What is being asked: Collect the lines of the entries where "Hotel" shows up.

Saved entries:
--- START ---

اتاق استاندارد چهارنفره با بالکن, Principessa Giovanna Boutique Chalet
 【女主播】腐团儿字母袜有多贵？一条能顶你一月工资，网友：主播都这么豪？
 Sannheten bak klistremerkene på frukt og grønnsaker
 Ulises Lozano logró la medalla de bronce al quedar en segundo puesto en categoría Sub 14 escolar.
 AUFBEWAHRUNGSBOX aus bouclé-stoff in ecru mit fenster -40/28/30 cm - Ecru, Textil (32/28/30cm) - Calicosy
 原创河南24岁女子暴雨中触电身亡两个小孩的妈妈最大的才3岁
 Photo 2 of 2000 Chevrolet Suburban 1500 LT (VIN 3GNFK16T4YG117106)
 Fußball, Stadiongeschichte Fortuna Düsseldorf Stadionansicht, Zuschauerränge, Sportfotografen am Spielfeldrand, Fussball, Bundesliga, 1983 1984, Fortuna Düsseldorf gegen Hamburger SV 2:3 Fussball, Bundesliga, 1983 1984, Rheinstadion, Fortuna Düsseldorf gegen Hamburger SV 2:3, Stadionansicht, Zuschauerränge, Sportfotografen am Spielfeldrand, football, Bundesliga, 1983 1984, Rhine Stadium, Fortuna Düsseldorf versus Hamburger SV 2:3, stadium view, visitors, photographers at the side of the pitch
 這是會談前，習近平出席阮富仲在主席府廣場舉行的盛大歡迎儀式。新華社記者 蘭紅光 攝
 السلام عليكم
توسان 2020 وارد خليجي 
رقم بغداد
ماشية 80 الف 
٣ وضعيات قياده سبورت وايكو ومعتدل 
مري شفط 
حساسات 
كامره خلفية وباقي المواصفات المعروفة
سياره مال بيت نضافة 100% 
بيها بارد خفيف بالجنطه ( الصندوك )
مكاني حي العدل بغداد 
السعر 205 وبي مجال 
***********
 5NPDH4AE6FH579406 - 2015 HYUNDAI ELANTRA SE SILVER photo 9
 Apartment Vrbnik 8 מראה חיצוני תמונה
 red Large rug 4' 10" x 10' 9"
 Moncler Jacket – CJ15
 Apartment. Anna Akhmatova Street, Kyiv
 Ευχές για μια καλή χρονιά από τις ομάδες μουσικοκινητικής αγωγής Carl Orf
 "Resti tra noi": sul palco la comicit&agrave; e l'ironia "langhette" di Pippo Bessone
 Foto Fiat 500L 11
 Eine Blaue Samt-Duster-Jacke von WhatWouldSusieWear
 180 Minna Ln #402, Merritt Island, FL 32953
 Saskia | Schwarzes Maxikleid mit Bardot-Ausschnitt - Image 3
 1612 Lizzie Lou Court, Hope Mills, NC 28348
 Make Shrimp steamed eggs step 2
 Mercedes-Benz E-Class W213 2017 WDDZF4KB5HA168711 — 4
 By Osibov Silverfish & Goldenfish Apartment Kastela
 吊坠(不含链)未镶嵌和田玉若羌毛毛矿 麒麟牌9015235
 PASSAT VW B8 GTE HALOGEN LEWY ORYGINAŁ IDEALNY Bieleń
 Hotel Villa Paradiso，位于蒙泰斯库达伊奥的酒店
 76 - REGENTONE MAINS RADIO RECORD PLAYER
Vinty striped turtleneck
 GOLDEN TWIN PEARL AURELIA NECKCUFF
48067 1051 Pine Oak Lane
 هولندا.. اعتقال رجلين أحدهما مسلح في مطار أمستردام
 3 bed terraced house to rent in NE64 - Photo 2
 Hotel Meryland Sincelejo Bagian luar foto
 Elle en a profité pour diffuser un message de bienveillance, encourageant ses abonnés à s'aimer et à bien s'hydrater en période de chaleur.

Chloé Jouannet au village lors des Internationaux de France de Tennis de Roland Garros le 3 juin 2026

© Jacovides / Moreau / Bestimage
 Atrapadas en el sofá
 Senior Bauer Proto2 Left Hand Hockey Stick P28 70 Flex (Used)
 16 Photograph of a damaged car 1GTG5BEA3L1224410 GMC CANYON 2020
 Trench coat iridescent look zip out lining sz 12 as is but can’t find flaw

--- END ---

Written answer:
 Hotel Villa Paradiso，位于蒙泰斯库达伊奥的酒店
 Hotel Meryland Sincelejo Bagian luar foto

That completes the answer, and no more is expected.